Portora Royal School in Enniskillen, Northern Ireland, has had more than its share of famous alumni. Pupils who passed through the gates went on to accomplish great feats in football, cricket, athletics and the arts. Playwrights Oscar Wilde and Samuel Beckett honed their storytelling skills here – but it’s the tale of a 10-year-old girl which is of interest to the rugby world.

emily valentine portrait

“I loved rugby football, but seldom got a chance to do more than kick a place-kick or a drop-kick, but I could run in spite of petticoats and thick undergarments. I could run. My great ambition was to play in a real rugby game and score a try.” Extract from Emily Valentine’s journal.

Emily’s father was assistant headmaster at Portora Royal in 1887, when she made her rugby debut. A more recently-retired deputy head, Robert Northridge, picks up the story.

“Her brothers were playing rugby and they were a man short – a woman short – they were somebody short,” he tells CNN’s World Rugby show.

“So Emily was standing, luckily suitably attired in suitable footwear, at the side of the field and they beckoned her on and said, ‘Come on Emily, please join us in this game.’ She leaped at the chance to play because it was something that she’d longed to do for a very long time.”

Catherine Galwey with a childhood portrait of her grandmother.

“At last my chance came. I got the ball – I can still feel the damp leather and the smell of it, and see the tag of lacing at the opening. I grasped it and ran dodging, darting, but I was so keen to score that try that I did not pass it, perhaps when I should.” Extract from Emily Valentine’s journal.

Northridge continues: “Her parents certainly didn’t find out until much later because she tells the story of them having tea later that evening and one of the boys saying ‘We won today, mother.’
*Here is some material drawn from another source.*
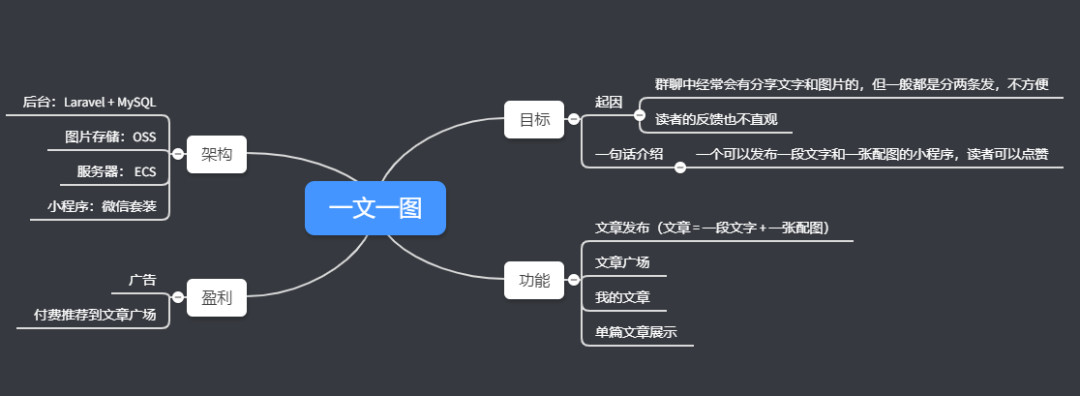 如何一天撸出一个完整的小程序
“And the mother said, ‘I hope you all played well’ – and one of the brothers kicked Emily under the table to make sure she didn’t say anything to tell them that she had scored the winning try.”
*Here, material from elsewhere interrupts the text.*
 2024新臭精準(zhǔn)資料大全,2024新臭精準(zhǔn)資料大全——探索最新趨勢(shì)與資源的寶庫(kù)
“I still raced on, I could see the boy coming towards me; I dodged, yes I could and breathless, with my heart thumping, my knees shaking a bit, I ran. Yes, I had done it; one last spurt and I touched down, right on the line. I had scored my try.” Extract from Emily Valentine’s journal.

Northridge concludes: “It was obviously one of the major moments of her life because 50 years later she could recall every detail of diving for the line and jumping up and throwing her arms in the air.”

Valentine’s granddaughter Catherine Galwey lives in the English city of Norwich. She remembers her grandmother documenting her life story.

“She was in a nursing home in London and she didn’t have much to do, so she thought she would write a biography – a memoir for us all,” Galwey tells CNN.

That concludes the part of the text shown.